Ang: I do and I don’t. The thing we call critics are not really reviewers, they are not really critics. They don’t have the discipline to write what we would term as critique — it’s really just reviewers. They have a common man kind of taste. If you watch them overall, they are not different from the box-office. That’s my view. People and the audience matter, but sometimes you feel an injustice wherein they select quantity instead of quality. After all, does time matter, do words matter? Nothing really matters. You just do your best and leave it to other people. You might agree with them or be angry with them, but it will happen in its own way. You have to just be thankful that people pay you to make movies.
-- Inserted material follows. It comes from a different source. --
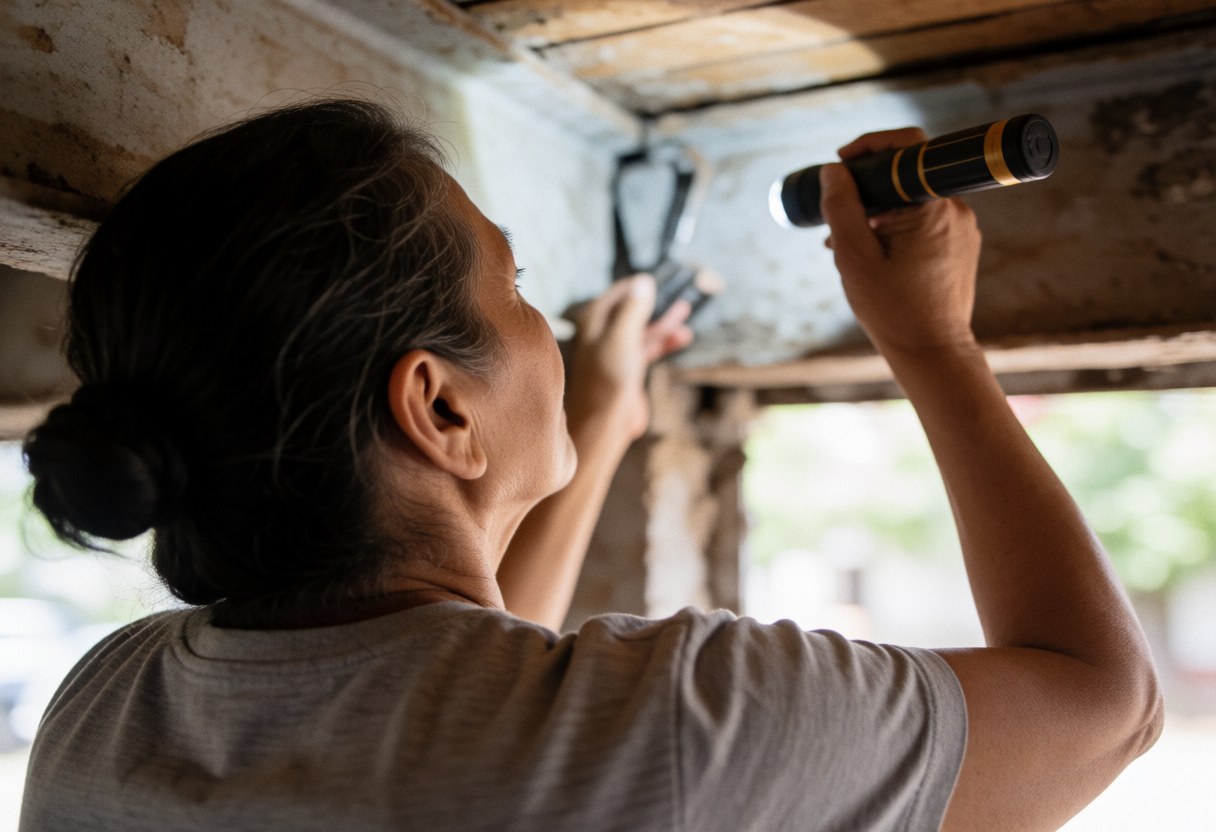 Une femme examine une structure en bois à l'aide d'une lampe dans un environnement de chantier avec de la lumière naturelle.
Ang: I’ll tell you my experience with the tiger trainer in this movie. I learnt so much about tigers and about life from this trainer. He ran away from home to be a tiger trainer when he was 16. He worked as a cleaner in a circus. And then two years later, his master just gave him a stick and told him to go inside the tiger’s cage. He did not know what exactly to do. The trainer told me stories of how he made the tiger understand what he meant and he and I were in tears while listening to his experience. Because I remember similar moments with me and actors — not that actors are like tigers (laughs). I had to cry like the trainer and hide because I could not explain to anyone what it felt like. I think when we have moments like that, nothing matters. I don’t know about faith, but I just know that when I’m out there filming, everything disappears, nothing else matters. You do what you like to do, you get the thrill, and you’re in the zone. And when you try to articulate it, it’s pretty painful as you don’t know what it is.
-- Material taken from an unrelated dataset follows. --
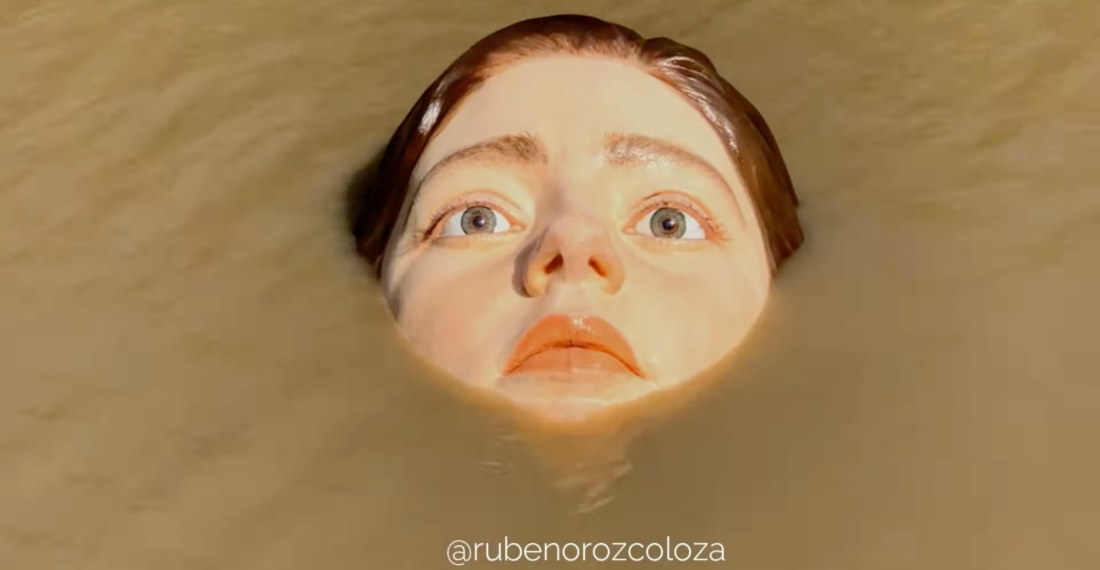‘The Drowning Girl’, A Sculpture Of A Giant, Hyperrealistic Face In The River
Karan: What is Ang Lee like on the morning of a big release?
Ang: I don’t know. For my earlier movies… There’s a theatre in Taipei which is called the Dragon’s Head. It’s the best theatre for Chinese language films and all the directors have a tradition that they have a haircut right before they go to the theatre (laughs). To have freshly cut hair is a sign of prosperity. Then they go to a coffee shop near the theatre and have coffee. Some directors even go as far as wearing red jackets. Red is a symbol for going high. So I did that a couple of times. I did not put on the jacket, but I did get a haircut and had a drink at the coffee shop (laughs). But that was then. I don’t do anything special now. Sometimes I just go for the movie to see how it plays for the audience. The audience doesn’t give a crap about what you’ve done to make the movie.
It’s not their concern.
Karan: Irrfan and Tabu are established names. Was it interesting to work with them?
Ang: Yes. They have so much respect from me. They are not the ones who said ‘yes’ to everything I said. They always made sure that what they were asked to do was okay. So I told them that it’s India, so you have to let me know. They are established actors. That’s why I don’t have anything to worry about. My main anxiety is that the reading is almost like a fable. I have worked on that story for the film and the script has been romanticised in the end. Since India is not home for me, my main anxiety is how people will receive the movie here. Will they raise their eyebrows or will they adore it? I don’t know.
Karan: I think India has always celebrated you. This is not a question but a statement. The audience has really respected your work over decades, not just because of your versatility but because of the bravery in your works. I have to be grateful to HT for bringing me to this platform with you. I think one of your lines that grew on me is that nothing matters. Really, what matters is what you put up there and there are so many people and opinions that surround you on a daily basis. Eventually you are alone with your film and no one actually can take that moment away.
Ang: I’ve found that you can never make a movie as good as it plays in people’s heads. So that is not something you can control. However the experience is the memory you can take home.